Final considerations

Similarly to other fields, the study of the evolution of rhythm must build on a tight integration of experiments, theory, and modeling. Ideally, empirical observations of rhythm in music and speech are first recorded in the field. Observations are then contrasted to generate testable hypotheses. Based on these hypotheses, experiments on linguistic and musical rhythm are performed. Experimental factors and variations can encompass sensory modalities, ages, and animal species, to name a few, in order to address questions about domain-specificity, development, and evolutionary phylogeny. Finally, experimental insights should be integrated via synthetic modeling. The advantage of models is that they generate predictions that are quantitatively testable. Following these predictions, new empirical observations should be collected and compared, continuing the incremental loop of scientific investigation.

This journal issue contains novel empirical findings and state of the art reviews of hot topics in each discipline. We hope it will be useful as a reference volume on the evolution of rhythm cognition. Combining well-established findings and novel results on the evolution of rhythm, it should serve as an introductory reference for newcomers, a source of novel findings for researchers more familiar with one of the areas, and an interdisciplinary overview of progress in neighboring disciplines.

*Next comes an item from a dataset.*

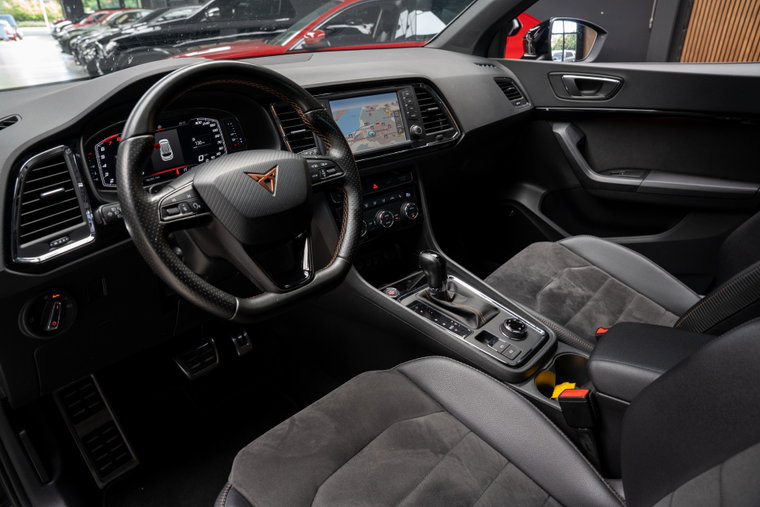 Vehicle Image 9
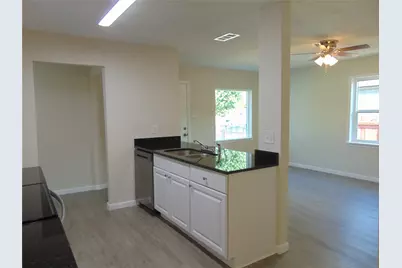 1214 19th Street, Grand Prairie, TX 75050 - Photo 12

All contributions discussed so far show the many sides of rhythm. From this volume, rhythm emerges not as a monolithic concept, but as a multifaceted phenomenon for research. We hope that exciting future research will be ignited by this multifaceted display of rhythm across domains and species.

Author contributions

All authors listed, have made substantial, direct, and intellectual contribution to the work, and approved it for publication.

Conflict of interest statement

The authors declare that the research was conducted in the absence of any commercial or financial relationships that could be construed as a potential conflict of interest.